(Beginning of Data segment)

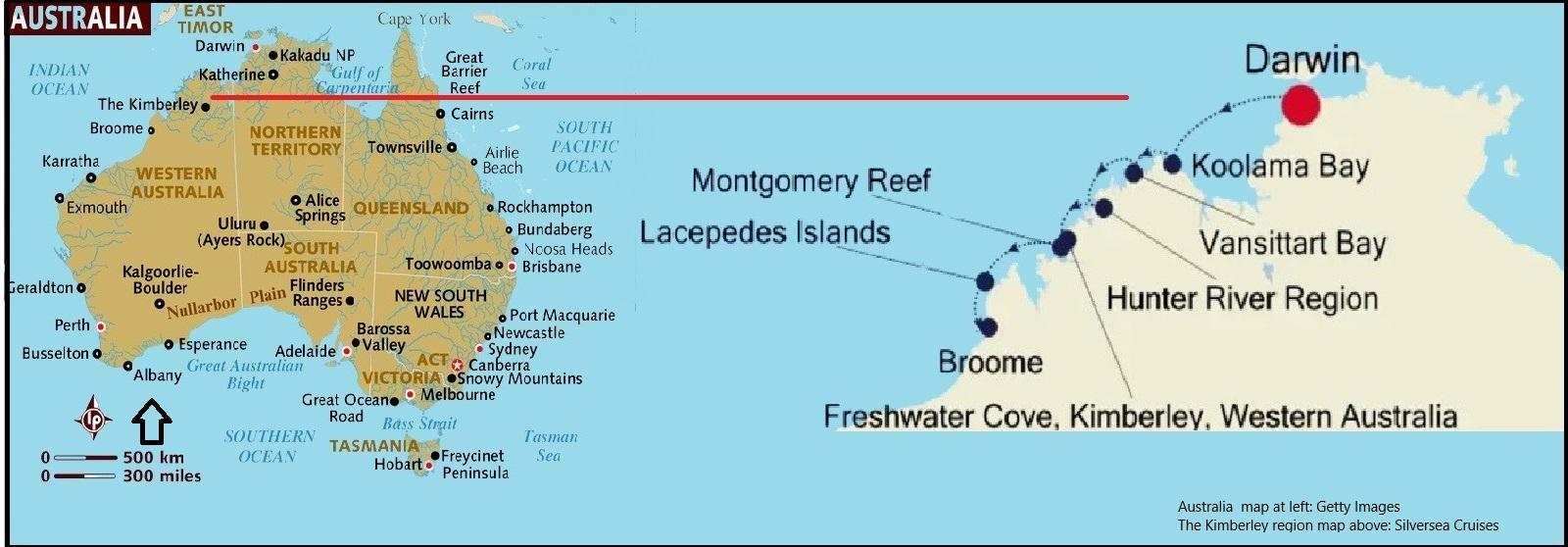 Large map by Silversea; smaller map by Getty Images
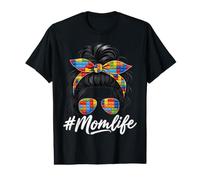 Building Block Messy Bun Mom Life Master Builder Mothers Day Value Graphic T-Shirt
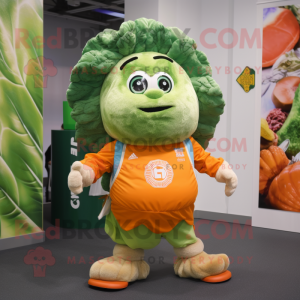 Orange Cabbage Leaf maskot...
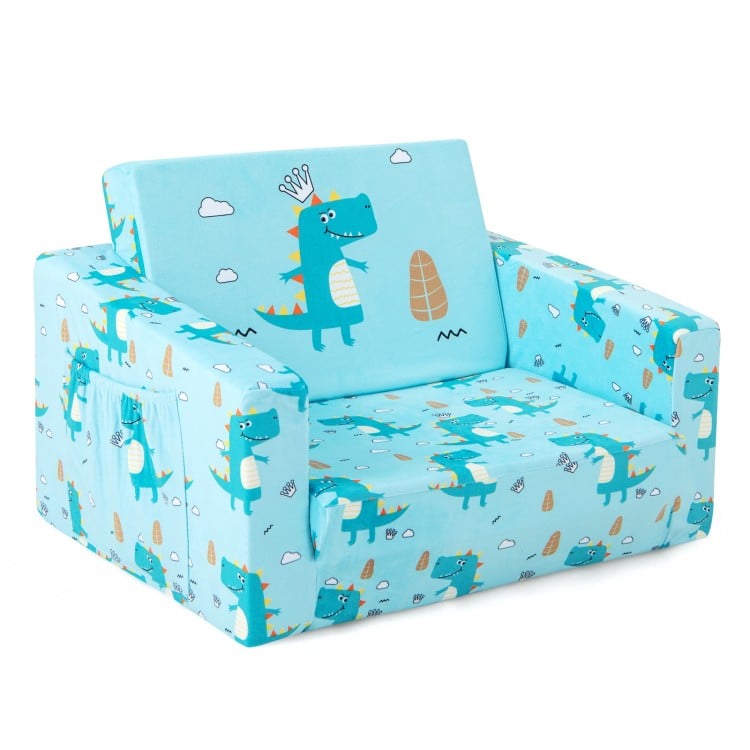 Kids recliner sofa in blue with dinosaur pattern, convertible to sleeper bed, featuring plush upholstery and storage.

(End of Data segment)

*Work instruction*
An exact repeat of the listing above, pictures excluded, is the answer.

*Result of this exercise*
 Large map by Silversea; smaller map by Getty Images
 Building Block Messy Bun Mom Life Master Builder Mothers Day Value Graphic T-Shirt
 Orange Cabbage Leaf maskot...
 Kids recliner sofa in blue with dinosaur pattern, convertible to sleeper bed, featuring plush upholstery and storage.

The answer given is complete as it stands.